More than related, these things are identical. A dollar today is worth more than a dollar tomorrow because the world might end (okay, too much, but you might die, or the business you were going to spend your dollar on might go bankrupt overnight). This is the same as saying we transition to the next stage with the discount factor.

Thiago-NovaesB commented 1 year ago

@odow After a little reflecting, I see that with the discount factor, we multiplied the average objective for the period by p. Using transition probability, we average considering (1-p)*N terms to be 0. Since these terms are chosen randomly, in fact these average converge to the same value. But I'm a little doubtful about what happens when we don't have many elements in the sum. Do you know if the variance is the same too? Is the behavior exactly the same? or do they just converge to the same value? Do you know any theoretical result about this?

Thiago-NovaesB commented 1 year ago

I was also unsure about the performance. On the other hand, using transition probability seems that we need to evaluate fewer terms and the average time of each iteration will be smaller, since it can end prematurely. But using a discount factor, the average will be made over more terms, which may indicate that it is better(?). Furthermore, from what I understand, backward will go through the same nodes as forward, right? So with the probability of transition we will have fewer cuts, right? If possible, I would like to know what you think about computational performance as well.

odow commented 1 year ago

Using transition probability, we average considering (1-p)*N terms to be 0.

Correct.

Since these terms are chosen randomly, in fact these average converge to the same value.

Correct.

But I'm a little doubtful about what happens when we don't have many elements in the sum.

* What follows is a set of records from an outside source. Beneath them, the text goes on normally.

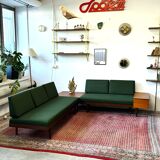 Svane "langbenk" sofa, norway 1960s, vintage, mid-c modern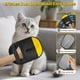 thumbnail image 4 of Guantes De Tela Guantes electrostáticos para depilación de mascotas, reutilizables y lavables, para gatos, perros, sofás, ropa y camas (amarillo, 1 unidad) JASKFLY, 4 of 6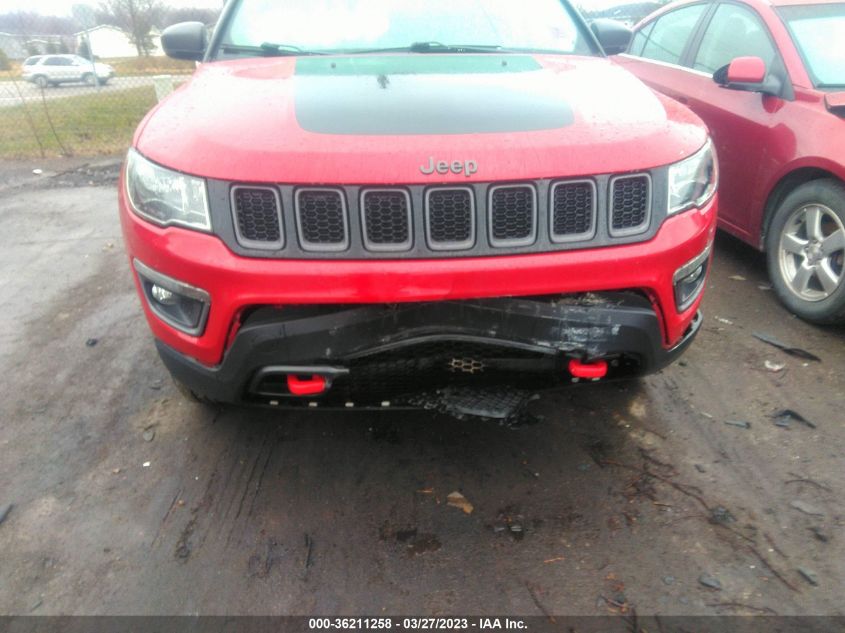 2018 JEEP COMPASS TRAILHAWK - 3C4NJDDB8JT392204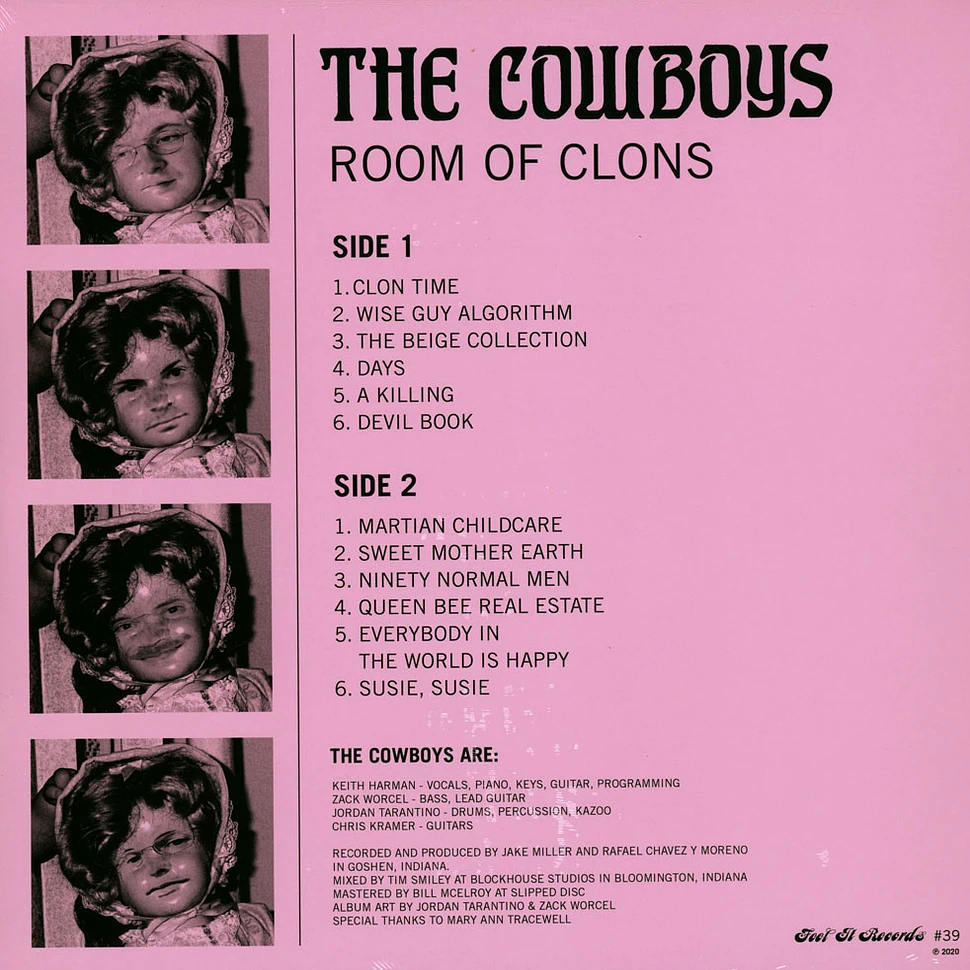 The Cowboys - Room Of Clons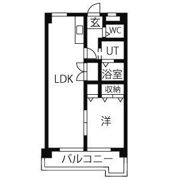 ヴィラ街苑の間取り画像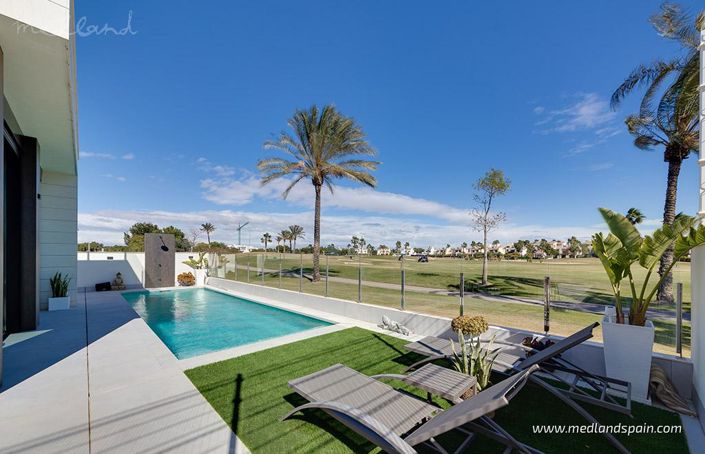 Image No.2-Villa de 3 chambres à vendre à Lo Romero Golf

Not sure if I understand which sum we're talking about.

Do you know if the variance is the same too?

It will be larger, because everything is in current dollars, and different simulations are of different lengths.

Imagine I have a graph with two nodes, and a discount factor of 0.5. There is no random variable, and the objective is 1 for node 1 and 2 for node 2. You might get sequences of forward passes that look like:

x - 1 - 2                   (cost = 3)
x - 1 - 2 - 1 - 2           (cost = 6)
x - 1 - 2                   (cost = 3)
x - 1 - 2 - 1 - 2 - 1 - 2   (cost = 9)

If you compare against the discount in the objective, you'd get:

x - 1 - 2 - 1 - 2 - 1 - 2   (cost = 1 + 2 + 0.5 * (1 + 2 + 0.5 * (1 + 2)))

These have the same mean (5.25), but the discount in the transition has a variance of 8.25.

Is the behavior exactly the same? or do they just converge to the same value?

They converge to the same value. The iterations will be different because the algorithms walks a different sequence of subproblems.

Do you know any theoretical result about this?

https://doi.org/10.1002/net.21932

I was also unsure about the performance. On the other hand, using transition probability seems that we need to evaluate fewer terms and the average time of each iteration will be smaller, since it can end prematurely. But using a discount factor, the average will be made over more terms, which may indicate that it is better(?). Furthermore, from what I understand, backward will go through the same nodes as forward, right? So with the probability of transition we will have fewer cuts, right? If possible, I would like to know what you think about computational performance as well.

Nice questions. I think you have a good handle on the trade-off.

My guess is that for acyclic graphs (like a finite horizon linear graph used here), it's better to use the discount factor in the objective, because there are only finitely many nodes that can be visited.

I've mainly used discount factors in an infinite horizon setting, in which you cannot use it in the objective function.

You might want to read https://odow.github.io/SDDP.jl/stable/explanation/theory_intro/, which implements the algorithm.

Thiago-NovaesB commented 1 year ago

Thanks for the explanations and for your paper!